Ann has a talk with an angel.
Ann: So, what am I seeing here?
Angel: Okay, I’m not going to do the white gown, glowing wings thing. Can you say, “Cliché?”
Ann: Yes, but I’m writing this, so I need a hint.
Angel: How about this. You have a bathroom with three mirrors. One is directly in front of you. The other two are on the walls, facing each other, about five feet apart. They are actually the door fronts of two medicine cabinets. If you cock them open slightly, you see your reflection mirrored back and forth to infinity.
Ann: Okay, but which reflection are you?
Angel: I’m the one way in the back, the one waving at you as you peer closer to look.
Ann: No. I reject that. You’re not me. Too goofy. I’m definitely not trying out for the part. Try another one.
Angel: Okay, how about this. I’m a tree. All trees are angels. We keep watch over you humans.
Ann: Too limiting. What about the desert? What about the Arctic?
Angel: (huffing a bit. Are those eyes flashing fire?) Good point. Yes, let’s make sure we keep this logical. Can’t be arbitrary. Oh no.
Ann (eyebrows raised): Do you get to be crabby? I thought you were supposed to be angelic?
Angel (rubbing his …)
Ann: Hey! Gender already?
Angel: Oh, I think so. We have sex organs. I think. Let me look. (He stretches out the elastic waistband on his white shorts…)
Ann: Hey! Shorts?
Angel: Think tennis outfit. Tan legs. White T-shirt with clouds and an infinity logo. Curly black hair. No beard.
Ann: So what did you find when you looked?

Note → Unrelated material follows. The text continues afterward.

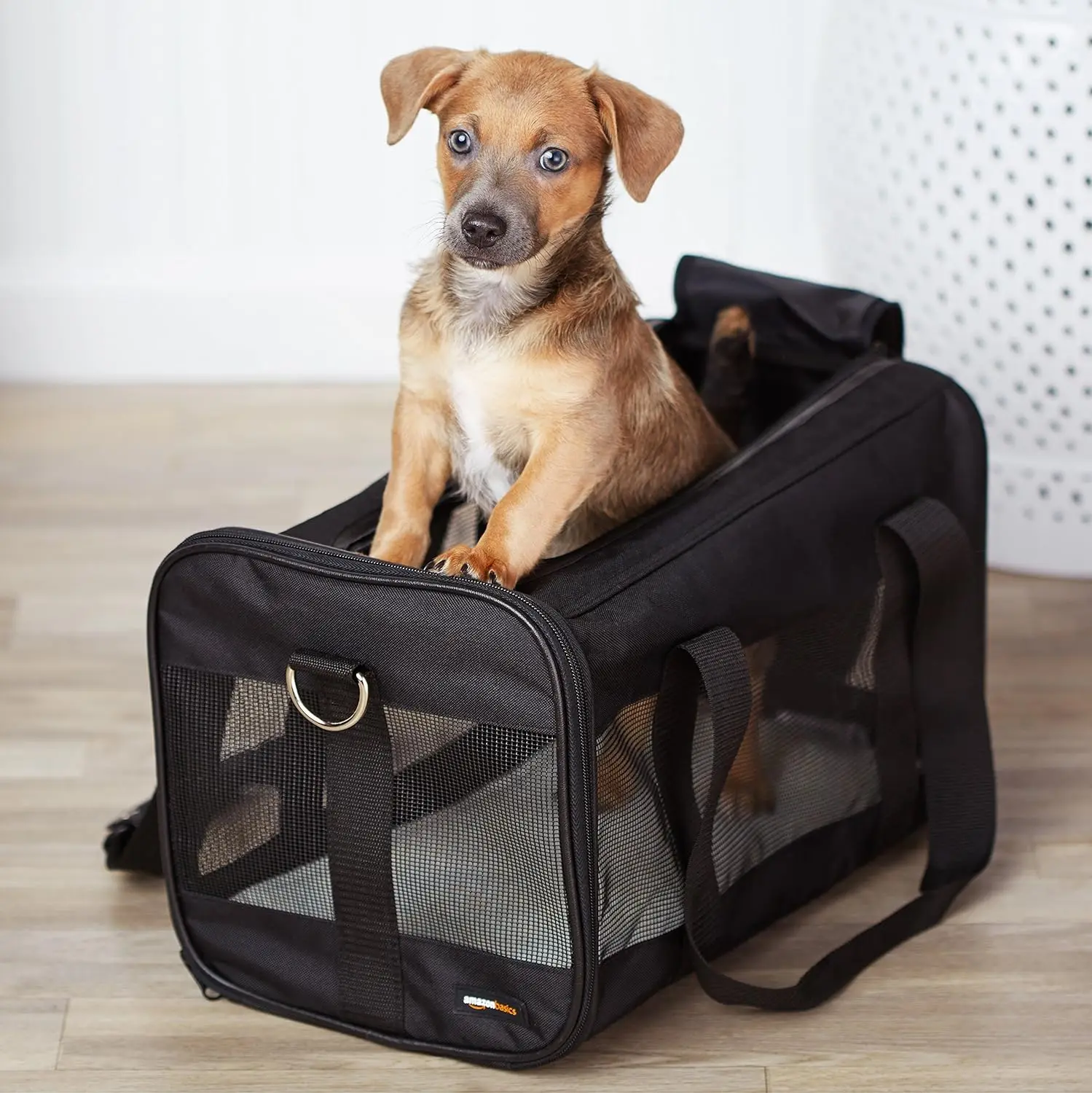 Pawise Large Capacity Safe Portable Zipper Design Dog Cat Outdoor Travel Carrier Foldable Foldable Pet Backpack Bag Dog Carrier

Angel: It’s kind of weird. Just a blur down there. I guess sex is not part of our angelic pastimes. I can live with that. But really, this is getting way too personal.
Ann: How do you think I feel? I mean, you can read my mind and see the future, right?
Angel: If you say so, yes. (He puts three fingers across his forehead and closes his eyes. His voice sounds low and dreamy.) I see you growing older. Your hair is thinning. You see the dentist so often you call him by his first name. I see arthritis in your future. Knee, I think. You need a magnifying glass to read a map.
Ann: (rolling eyes) Big revelation. I could have told you all that.
Angel: (chuckling) Now me, on the other hand—I’m in the peak of health. Check out these biceps. Go ahead. Punch me in the stomach. Hard as a rock.
Ann: Any chance we can go back to the tree option?
Angel: Nope. That’s always the problem with creativity. I’m here now. I’m staying.
Ann: Hmmm. (She examines her keyboard.) Ever hear of the delete key?